The money is nice but sometimes you just want to shake them and say “look we have notifications you don’t need to poll the endpoint ten times a second, fuck it give us the code and we’ll fix it …”

alias_neo 5 hours ago | parent [-]

I bet if the costs were an order of magnitude larger, they'd think the costs were as unreasonable as we think their huge number of requests are.

There's just no winning sometimes sigh.

bombcar 3 hours ago | parent [-]

It's hard to switch them over, but if you have it in the beginning, you boil the frog.

alluro2 8 hours ago | parent | prev | next [-]

Heh, exactly my other reply - I feel for you, friend!

raverbashing 7 hours ago | parent | prev [-]

Yes

Well, if this is a supported (as in $) account, sure enough, have the API rate limits published and tell them in the most polite way to RTFM

alluro2 8 hours ago | parent | prev [-]

Thanks for the reply - I did not mean to rant, but, unfortunately, this is in context of a B2B service, and the other side are most commonly IT teams of customers.

There are, of course, both very capable and professional people, and also kind people who are keen to react / learn, but we've also had situations where 429s result in complaints to their management how our API "doesn't work", "is unreliable" and then demanding refunds / threatening legal action etc...

One example was sending 1.3M update requests a day to manage state of ~60 entities, that have a total of 3 possible relevant state transitions - a humble expectation would be several requests/day to update batches of entities.

alias_neo 8 hours ago | parent | next [-]

> I did not mean to rant

Not at all, I sympathise, we're all like minded people here!

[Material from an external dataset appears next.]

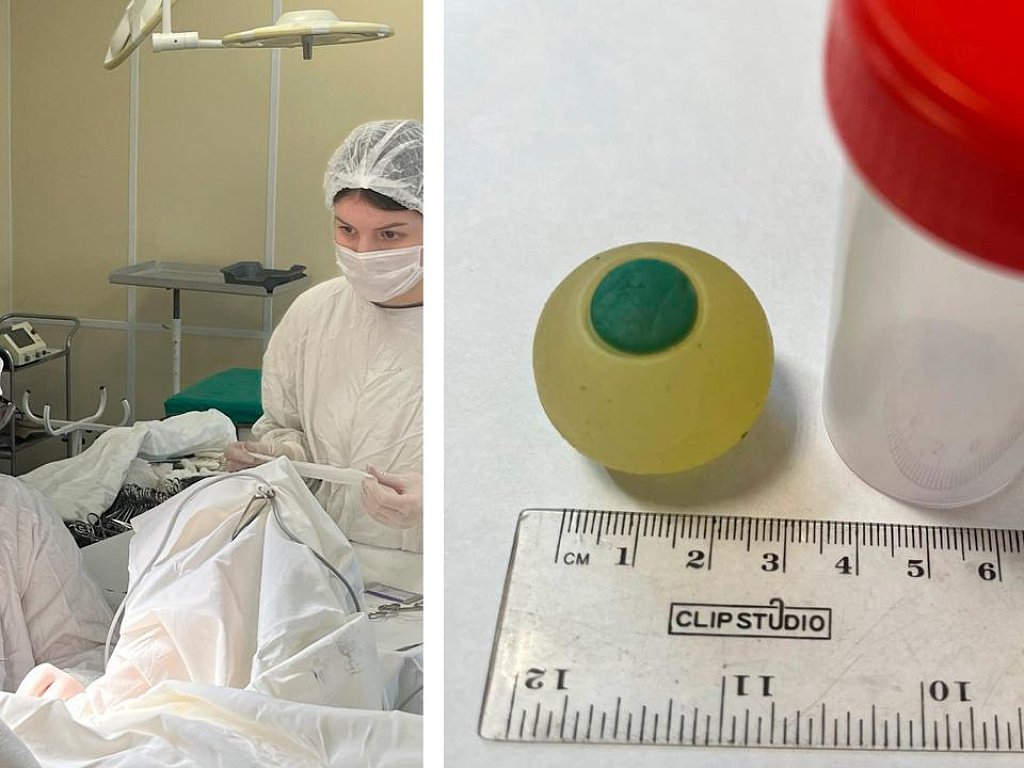 Челябинские врачи извлекли силиконовый глаз из кишечника 9‑летнего мальчика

> One example was sending 1.3M update requests a day to manage state of ~60 entities, that have a total of 3 possible relevant state transitions

> but we've also had situations where 429s result in complaints to their management how our API "doesn't work", "is unreliable" and then demanding refunds / threatening legal action etc

That's painful, and at this point, we're beyond technical solutions, this need human solutions. If they can't realise that they're rate limited because they're basically abusing the API, they need to be told in no uncertain terms.

Of course I understand that it's not that simple, as a backend dev, my "customers" are usually other devs so I can be frank, but when dealing with B2B customers we often have to act like they're not in the wrong.

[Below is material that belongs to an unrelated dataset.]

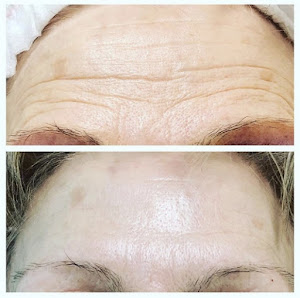 Immagine Dott. Gino Ferroni, Medico estetico 1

Aeolun 6 hours ago | parent | prev [-]

But that is a question that should be escalated to management right? If they charge the customer enough that allowing them to make 1.3M requests to update 60 entities makes sense, why not let them?

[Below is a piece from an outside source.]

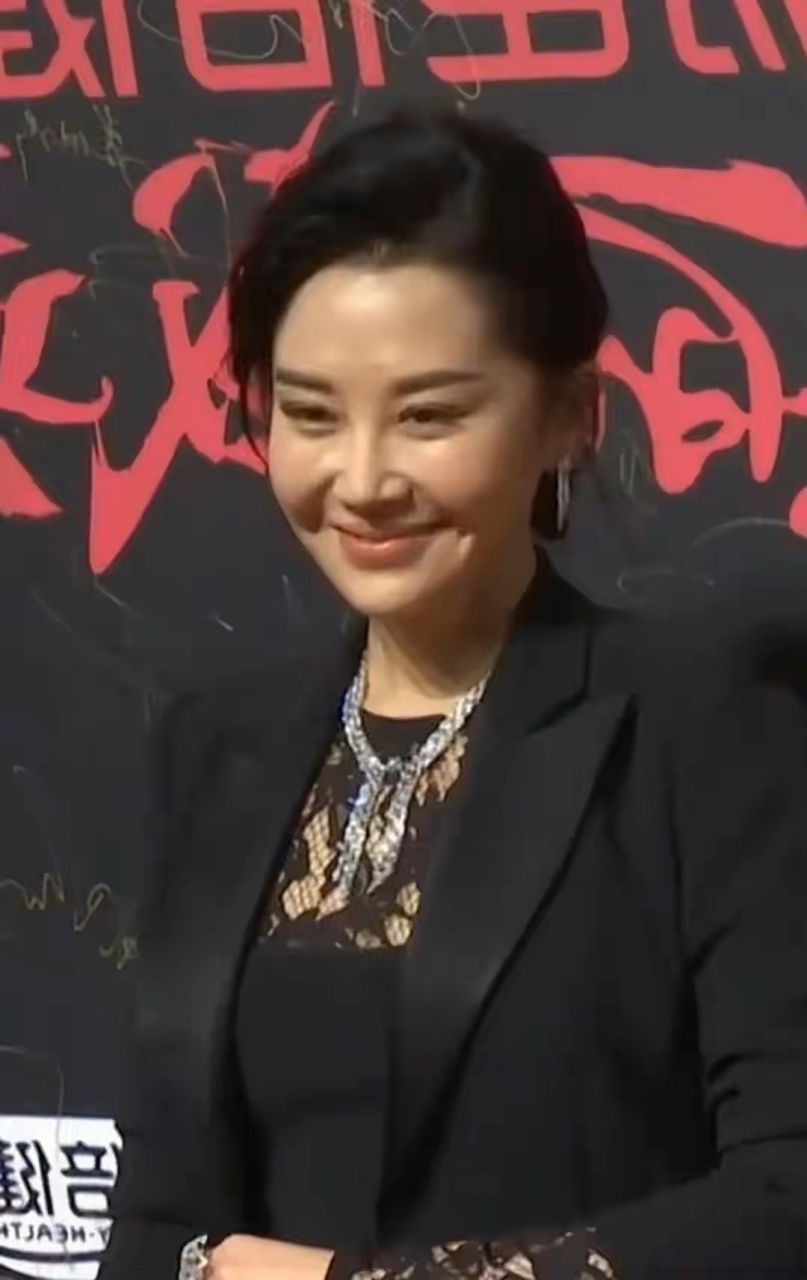 许晴是不是也开始医美了?脸僵硬了不少啊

If they want the service stupidly overprovisioned to deal with these nutjobs, then that’s what we’ll do. I find that they’re generally receptive to the message of $10k per month to serve nutjobs, $100 per month to serve everyone else, though.

bombcar 5 hours ago | parent [-]

That’s the key - have that in place from the beginning.

Because many “enterprise” customers can spend literally millions doing shit the absolute wrong way, but have $0 budget for a developer to make it work right.

noctune 6 hours ago | parent | prev | next [-]

I don't understand why features like S3's "downloader pays" isn't more widely used (and available outside AWS). Let the inefficient consumer bear their own cost.

Major downside is that this would exclude people without access to payment networks, but maybe you could still have a rate-limited free option.

eleveriven 7 hours ago | parent | prev | next [-]

Honestly, both sides could use a little more empathy: clients need to respect shared infrastructure, and API devs need to think more like their users

zwnow 9 hours ago | parent | prev [-]

They mention a single user downloading a 20GB file thousands of times on a single day, why not just rate limit the endpoint?

alluro2 8 hours ago | parent [-]

Their download service does not require authentication, and they are kind enough to be hesitant about blocking IPs (one IP could be half of a university campus, for example). So that leaves chasing around to find an individual culprit and hoping they'll be nice and fix it.